# Work item
Exclude the images, then return every line below exactly as written.

# Data records
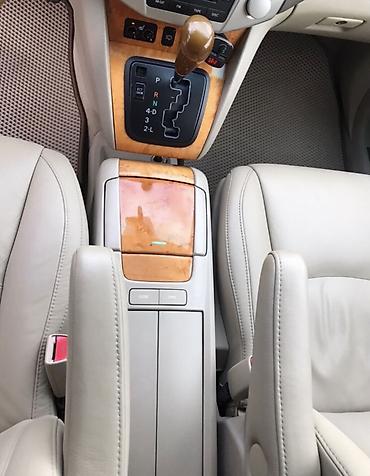 Lexus: Lexus RX: 2008 г., 3.5 л, Бензин, Кроссовер — 24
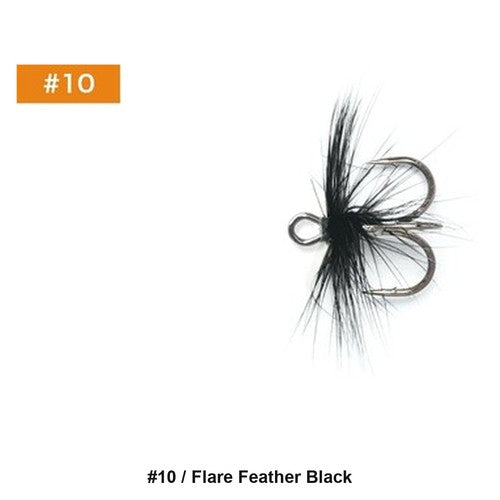Megabass TEASER HOOK 2 Pack Feather Treble Hook Choose Size Color JDM Japan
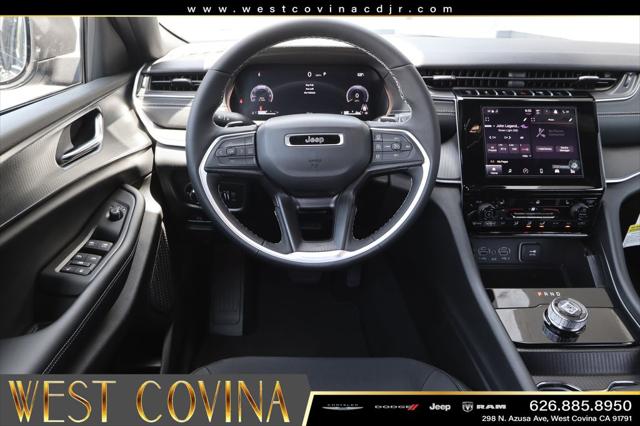 2026 Jeep Grand Cherokee Altitude 4x4
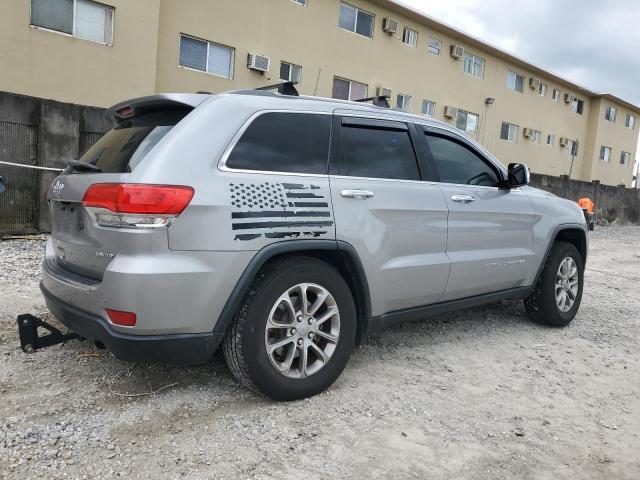 Photo 3 from auction – 2016 JEEP GRAND CHER with VIN 1C4RJEBG9GC335469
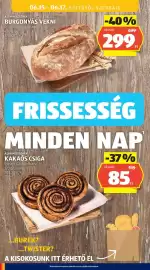 ALDI akciós újság hét 24 Oldal 38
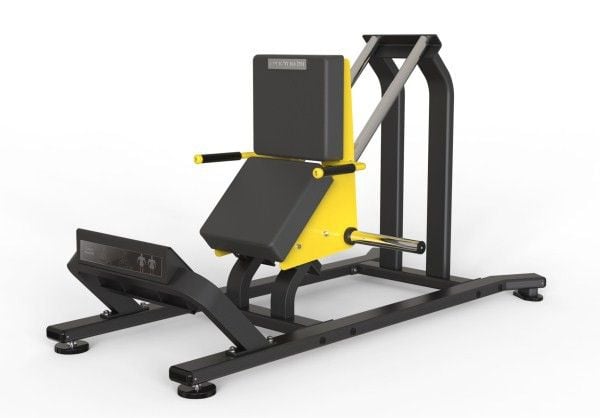 Luxury Commercial Gym Equipment MWH-010 Seated Calf Raise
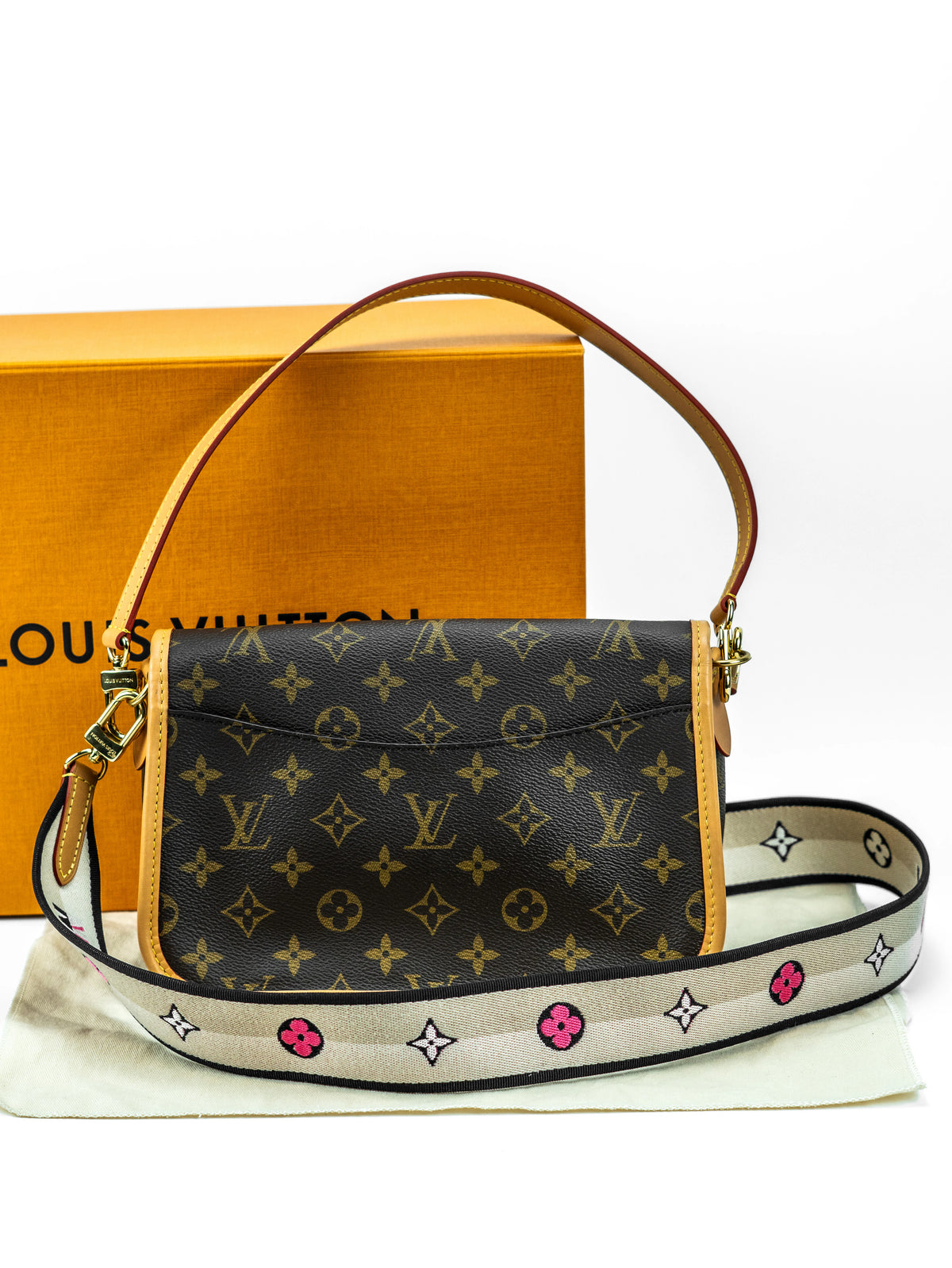Louis Vuitton Diane monogram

# The completed task
 Lexus: Lexus RX: 2008 г., 3.5 л, Бензин, Кроссовер — 24
Megabass TEASER HOOK 2 Pack Feather Treble Hook Choose Size Color JDM Japan
 2026 Jeep Grand Cherokee Altitude 4x4
 Photo 3 from auction – 2016 JEEP GRAND CHER with VIN 1C4RJEBG9GC335469
 ALDI akciós újság hét 24 Oldal 38
 Luxury Commercial Gym Equipment MWH-010 Seated Calf Raise
Louis Vuitton Diane monogram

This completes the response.